* _TASK REQUIREMENTS_
In the records below, find the line holding "I would say this" and the line holding "Why this old". Set down both, with every line between them, exactly.

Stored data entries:
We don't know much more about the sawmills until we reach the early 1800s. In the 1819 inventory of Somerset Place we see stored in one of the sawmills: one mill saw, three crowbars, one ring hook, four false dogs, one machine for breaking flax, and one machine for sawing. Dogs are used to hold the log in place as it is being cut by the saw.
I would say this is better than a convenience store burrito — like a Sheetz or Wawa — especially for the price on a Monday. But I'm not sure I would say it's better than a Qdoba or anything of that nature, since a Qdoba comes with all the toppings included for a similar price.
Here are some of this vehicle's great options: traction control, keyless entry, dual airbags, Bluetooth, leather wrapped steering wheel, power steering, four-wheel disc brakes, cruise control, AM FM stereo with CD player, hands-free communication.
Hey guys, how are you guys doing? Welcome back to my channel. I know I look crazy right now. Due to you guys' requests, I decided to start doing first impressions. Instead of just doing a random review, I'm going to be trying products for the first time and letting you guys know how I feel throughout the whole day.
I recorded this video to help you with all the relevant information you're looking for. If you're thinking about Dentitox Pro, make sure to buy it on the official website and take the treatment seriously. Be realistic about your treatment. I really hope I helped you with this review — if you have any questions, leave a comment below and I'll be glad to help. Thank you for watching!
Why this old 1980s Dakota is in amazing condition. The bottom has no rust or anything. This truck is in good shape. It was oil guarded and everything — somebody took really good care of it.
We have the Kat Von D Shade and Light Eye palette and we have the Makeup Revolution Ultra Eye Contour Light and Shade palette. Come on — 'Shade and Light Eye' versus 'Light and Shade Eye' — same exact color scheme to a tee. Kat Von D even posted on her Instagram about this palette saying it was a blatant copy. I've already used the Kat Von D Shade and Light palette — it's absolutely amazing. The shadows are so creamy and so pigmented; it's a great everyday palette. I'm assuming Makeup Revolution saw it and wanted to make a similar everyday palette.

* _EXERCISE RESPONSE_
I would say this is better than a convenience store burrito — like a Sheetz or Wawa — especially for the price on a Monday. But I'm not sure I would say it's better than a Qdoba or anything of that nature, since a Qdoba comes with all the toppings included for a similar price.
Here are some of this vehicle's great options: traction control, keyless entry, dual airbags, Bluetooth, leather wrapped steering wheel, power steering, four-wheel disc brakes, cruise control, AM FM stereo with CD player, hands-free communication.
Hey guys, how are you guys doing? Welcome back to my channel. I know I look crazy right now. Due to you guys' requests, I decided to start doing first impressions. Instead of just doing a random review, I'm going to be trying products for the first time and letting you guys know how I feel throughout the whole day.
I recorded this video to help you with all the relevant information you're looking for. If you're thinking about Dentitox Pro, make sure to buy it on the official website and take the treatment seriously. Be realistic about your treatment. I really hope I helped you with this review — if you have any questions, leave a comment below and I'll be glad to help. Thank you for watching!
Why this old 1980s Dakota is in amazing condition. The bottom has no rust or anything. This truck is in good shape. It was oil guarded and everything — somebody took really good care of it.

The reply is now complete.